Neurodegenerative disorders like Alzheimer’s and Parkinson’s disease result from the loss of specific types of neurons due to abnormal accumulation of mutant proteins. Although specific brain regions are known to be particularly vulnerable in each of these disorders, the causes and exact mechanisms underlying this differential vulnerability of brain cells and regions to toxic mutant proteins are not well understood.
The discovery, published in Neuron, charts an investigative path for a better understanding of regional vulnerability in other neurodegenerative disorders.
Unraveling ataxia’s complexity
SCA1 is a progressive neurodegenerative disorder that affects about one or two in 100,000 people worldwide and is primarily characterized by loss of motor coordination and balance. It is caused by the presence of a mutant ATXN1 protein having long uninterrupted stretches called polyglutamine (polyQ) repeats. In healthy neurons, ATXN1 interacts with capicua (CIC), a protein that represses the expression of several genes. On the other hand, when mutant ATXN1 binds to CIC, CIC target genes are hyperexpressed, which is eventually toxic to neurons.
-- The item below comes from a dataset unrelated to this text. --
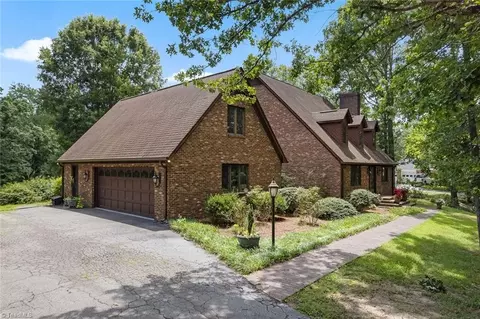 304 Cascade Dr, High Point, NC 27265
Prior research has demonstrated that all changes in the cerebellar Purkinje cells in SCA1 mouse models result from the enhanced activity of the ATXN1-CIC complex.
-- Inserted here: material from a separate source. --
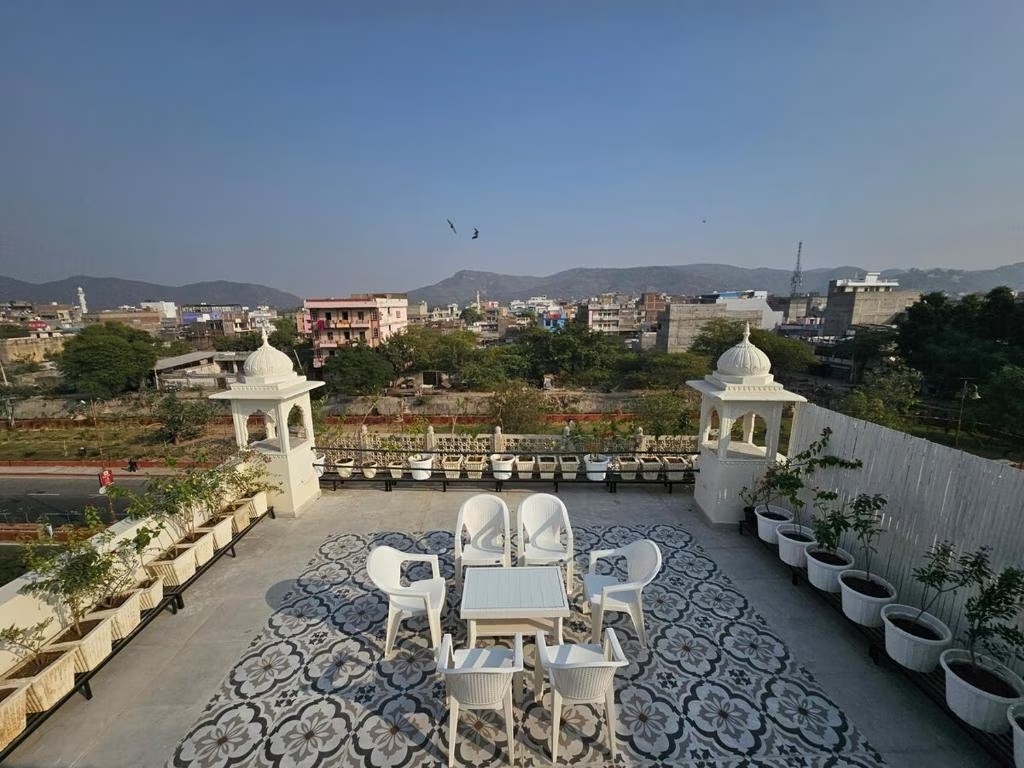 Luxury 4 BR Penthouse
However, ATXN1 protein is widely expressed and functions in various regions of the brain.
A key question that has surprisingly remained unexplored is whether CIC drives ATXN1’s toxicity in other brain regions or whether other molecular players drive toxicity in other affected neurons,” said Zoghbi, who also is a Howard Hughes Medical Institute investigator.
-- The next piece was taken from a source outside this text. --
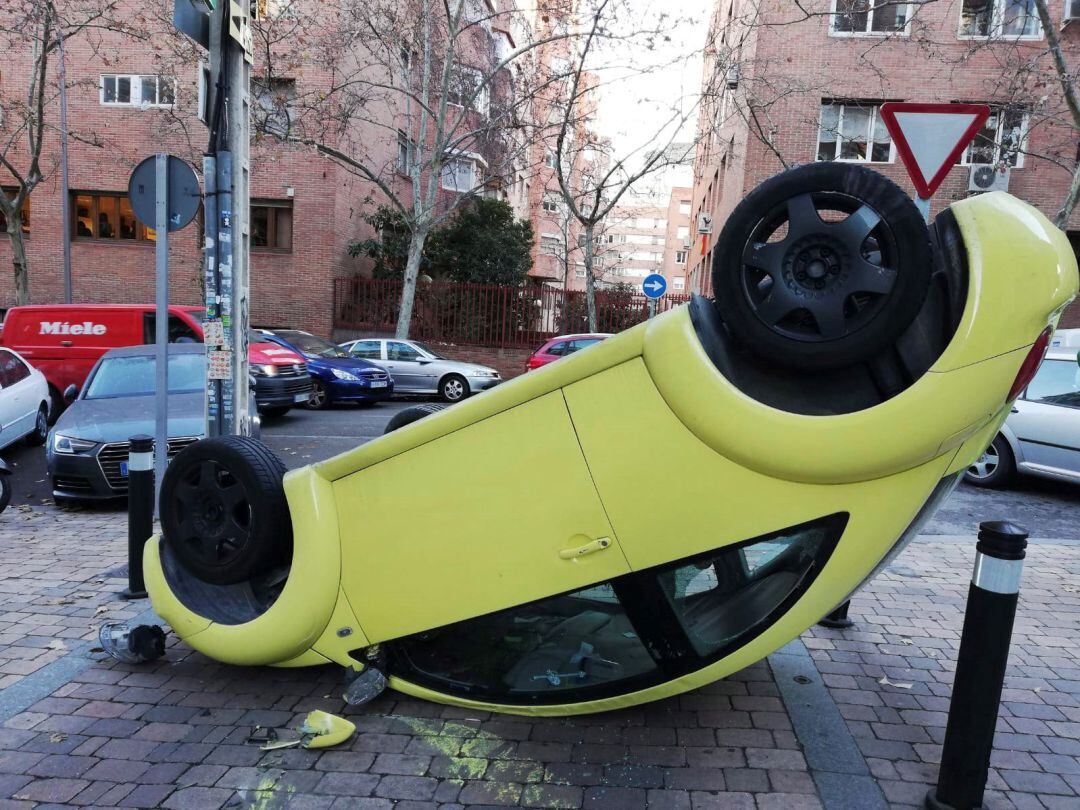 El coche tras sufrir un aparatoso accidente en una estrecha calle de Madrid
To address this question, Stephanie Coffin, a graduate student in the Zoghbi lab generated a new SCA1 mouse model to mimic the human ATXN1 mutation and its effect throughout the brain. In this model, the ATXN1 gene has an expanded polyglutamine stretch, but she also mutated the two amino acids that are critical for the ATXN1-CIC interaction.
The Zoghbi team found that these two mutations fully eliminated the ATXN1-CIC interaction in all brain regions.
“Disruption of the ATXN1-CIC complex led to partial improvements in SCA1 neurological symptoms like motor incoordination, respiration and short lifespan and only brought back to normal a subset of the gene expression changes,” Coffin said.
Together, these findings gave us a clue that CIC is likely not the sole ATXN1 interactor that is driving SCA1 and that additional molecular players may be contributing to the development and progression of the variety of neurological symptoms seen in SCA1 patients and animal models.”
To identify additional interactors of ATXN1, they performed an unbiased proteomics screen using immunoprecipitation and mass spectrometry.
“Given that transcriptional changes are a hallmark of SCA1, we focused on three transcriptional factors that are expressed in various regions of the human and mouse brains, called ZKSCAN1, ZBTB5 and RFX1,” added Coffin, who is currently a neuroscience program manager at Pelagos Pharma. “We validated the interaction between ATXN1 and these newly identified partners and discovered that the expression of the genes regulated by RFX1 and ZKSCAN1 was altered in SCA1 mice and human neurons. Moreover, these two newly identified partners – RFX1 and ZKSCAN1 – together with CIC are predicted to regulate about 33% of the genes whose expression is altered in SCA1 mouse models, highlighting the important role they play in the pathogenesis of this disorder.”
“We were quite surprised to discover that for this single gene disorder the mutant protein uses distinct partners to drive toxicity in different brain cells,” Zoghbi said. “In fact, this study underscores the importance of investigating partners of other disease-driving proteins not only for other polyglutamine diseases but, broadly, for all neurodegenerative disorders. It is only through such systematic studies that we can understand the mechanisms driving these diseases and be in a better position to explore therapeutic interventions.”
Others involved in the study are Mark A. Durham, Larissa Nitschke, Eder Xhako, Amanda M. Brown, Jean-Pierre Revelli, Esmeralda Villavicencio Gonzalez, Tao Lin, Hillary P. Handler, Yanwan Dai, Alexander J. Trostle, Ying-Wooi Wan, Zhandong Liu, Roy V. Sillitoe and Harry T. Orr. They are affiliated with one or more of the following institutions: Baylor College of Medicine, Jan and Dan Duncan Neurological Research Institute at Texas Children’s Hospital, University of Minnesota and Howard Hughes Medical Institute.
The study was funded by several grants from the National Institutes of Health and the Intellectual and Developmental Disabilities Research Center, the JPB Foundation, the Howard Hughes Medical Institute and the Cancer Prevention and Research Institute of Texas. See publication for full list.